How quickly winds change. The school reforms signed in 2013 by Enrique Peña Nieto, then Mexico’s president, were to be the only popular legacy of an unpopular man. No longer. On May 8th the Senate scrapped them. In mere months a reform deemed vital to reduce poverty lost many of its most ardent defenders. Even senators from Mr. Peña’s cowed Institutional Revolutionary Party assented to the death of a law they recently favored. So did the national teachers’ union, the STNE, despite having backed the reforms six years ago.

That is a testament to the power of Andrés Manuel López Obrador, Mr Peña’s populist successor, who has long opposed the reforms. It is also bad news for the millions of pupils who might have benefited, had the reforms been allowed to continue. The “new” education measures passed in their place represent a return to old ways.

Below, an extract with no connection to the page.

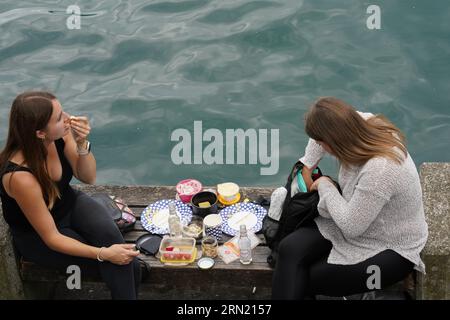 Deux jeunes femmes en train de pique-niquer au bord du lac de Zurich. Banque D'Images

Mr Peña’s project was an attempt to curb overmighty teachers’ unions. It revoked their power to hire teachers, giving it to an independent body that picked applicants through examinations. Teachers had been accustomed to jobs for life, and the right to sell their posts or bequeath them to their children upon retirement. Suddenly, they were subject to performance evaluations, and those who went on strike risked losing their jobs. And the federal government assumed responsibility for managing a payroll that blew as much as 16bn pesos ($1.2bn then) a year on salaries for teachers who were retired, dead or non-existent.

The reforms had little time to work. Just 171,000 teachers—less than 10% of the total—were hired on merit. A further 36,000 head teachers and supervisors were promoted on ability rather than loyalty to union bosses. But even this may leave a mark. A study published this year by the Development Bank of Latin America found that teachers hired on merit not only had better high-school grades than union-picked ones, they also helped their pupils learn faster. That inspires hope that Mexico may have improved its lowly ranking in the next round of PISA tests, an international measure of student proficiency in maths, reading and science, the results of which are due in December.

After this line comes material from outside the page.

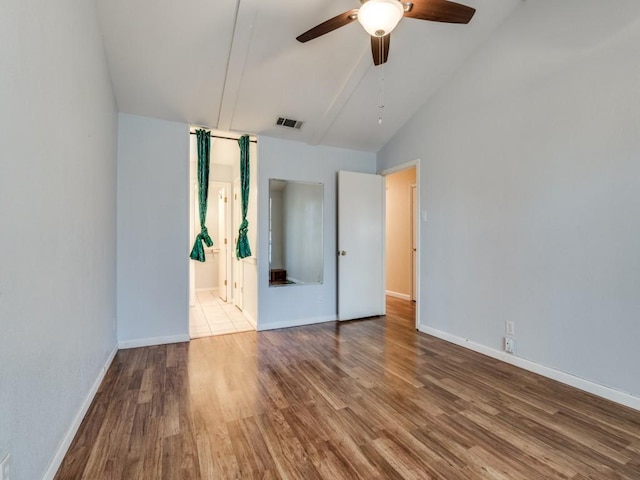 unfurnished bedroom featuring ceiling fan, high vaulted ceiling, and wood-type flooring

Mr López Obrador has long complained that the old reforms infringed on teachers’ “dignity”, and that national evaluations were “punitive” and unfair to poorer states. In fact, veteran teachers who failed evaluations three times in a row were not laid off. Instead they were transferred to administrative roles. Such a fate befell less than 1% of those assessed. But the haphazard implementation may have hastened the reforms’ demise. The Peña administration overspent its marketing budget but underspent its teacher-training budget. To appease strikers, the government gave deputy head-teacher positions to union commissioners, undermining the meritocracy it was trying to build, says Marco Fernández of Tecnológico de Monterrey.

The new reform as written allows for a “selection process” that will be specified in secondary legislation. Mr López Obrador has intimated that the CNTE, a dissident teachers’ union dominant in four poor southern states, will play a role in drafting the details. Experts expect the reforms to dispense with the notion of merit-based hiring altogether.

Mr López Obrador’s supporters argue that the new reforms will cause fewer teachers to strike. “We need to pacify the education system,” says Rubén Rocha, a senator for the president’s Morena party who chairs the chamber’s education commission. But unions will still have an incentive to walk out to extract bigger budgets and salaries, as they have done every year since the early 1990s. The CNTE’s members began another strike on May 15th, when Mexico observes Teachers’ Day, as part of a warning to the government.

The president promised Mexican voters drastic change, and often dismisses his detractors as people clinging on to privilege. It is ironic that one of his most consequential achievements to date is to return old privileges to Mexico’s mollycoddled teachers’ unions.